My historical knowledge of Spain during the Inquisition is slim to none. It was brutal and that’s all I pretty much knew. But reading this book made me aware of things I had been ignorant of before. It’s kind of an educational read wrapped in magical realism. A lovely approach.

Now, I struggled a bit with this book. At times the story was slow. But the writing is beautiful, so I kept reading. I think if the pace would have been faster and I’d been more knowledgeable of the time period, I would have enjoyed it more. 

RATING: 3/5 stars

An Improbable Pairing by Gary Dickson

An interesting premise that unfortunately fell flat. 
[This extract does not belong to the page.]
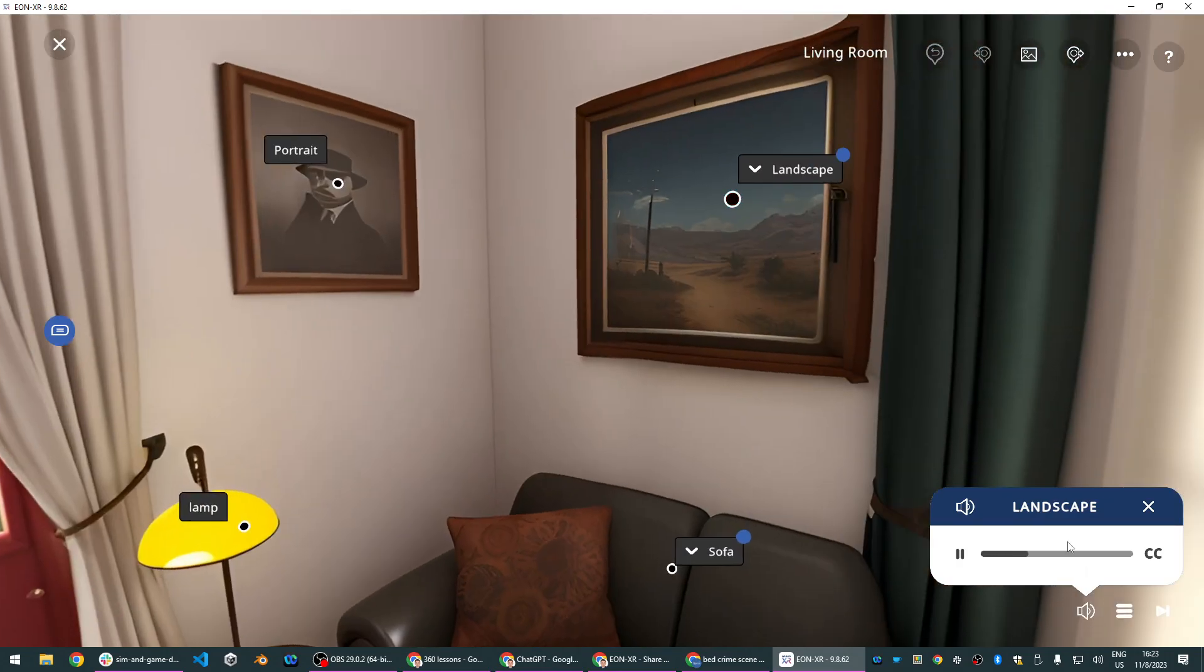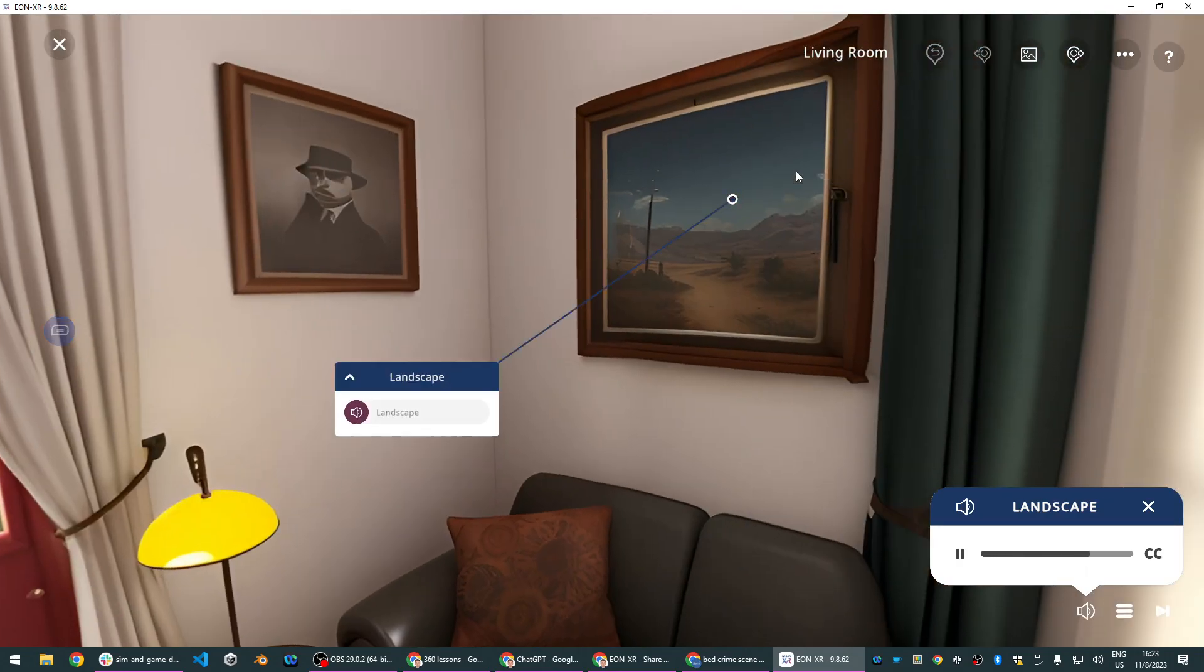Behind the seemingly innocuous landscape painting lies a hidden safe with a combination lock that appears to have been recently tampered with.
It began as a simple flirtation . . .

In September of 1963, Scott Stoddard, an American graduate student, is traveling to Switzerland, when he meets the Countess de Rovere, a French divorcee; he is smitten, and she is intrigued. What begins as a little coquetry soon becomes a serious love affair, much to the consternation of the Countess’s ex-husband and mother, not to mention the Countess’s friends of European high society. A meeting of equals poses problems enough, but what about one between two people who seem to have so many differences? And when a man of traditional attitudes couples with an independent and self-confident woman, something’s got to give. It won’t be the countess. As their liaison transcends an affair that cannot be dismissed, they all agree that something must be done.
An Improbable Pairing
is a historical romance that chronicles the enduring themes of a young man’s coming of age and the rebellious love of the mismatched. This pas de deux, set in the golden years of 1960s Paris, Geneva, Gstaad, and Cannes, provides an insider’s peek into the worlds of haute couture, three-star gourmet restaurants, and lavish hotel suites—the domains of rank and privilege. But society’s privileged resist when an interloper threatens to upset their cozy structure. 
     – Goodreads

Historical Fiction, Fiction, Romance

Greenleaf Book Group Press

Expected Publication Date:

*Thank you BookishFirst for providing an ARC in exchange for a review. All opinions expressed are my own and based solely on the book*


Scott Stoddard goes abroad to get away from his parents. To gain a bit of freedom. While on his trip, he falls for a beautiful, extremely wealthy Countess. And then nothing happens. Nothing.
The writing is okay. The cover is gorgeous. But the story lacks a certain, je ne sais quoi. Everything just happens to go Scott’s way. Every perceived “issue” is resolved favorably towards him. I wanted to put this book down so many times because there was nothing happening. Seriously. There’s nothing in the story to hold your attention. I also didn’t care for Scott or the Countess. Their love story didn’t engage me. I actually found Scott to be frustrating sometimes. 

This was just not an enjoyable read. It didn’t captivate me in any way.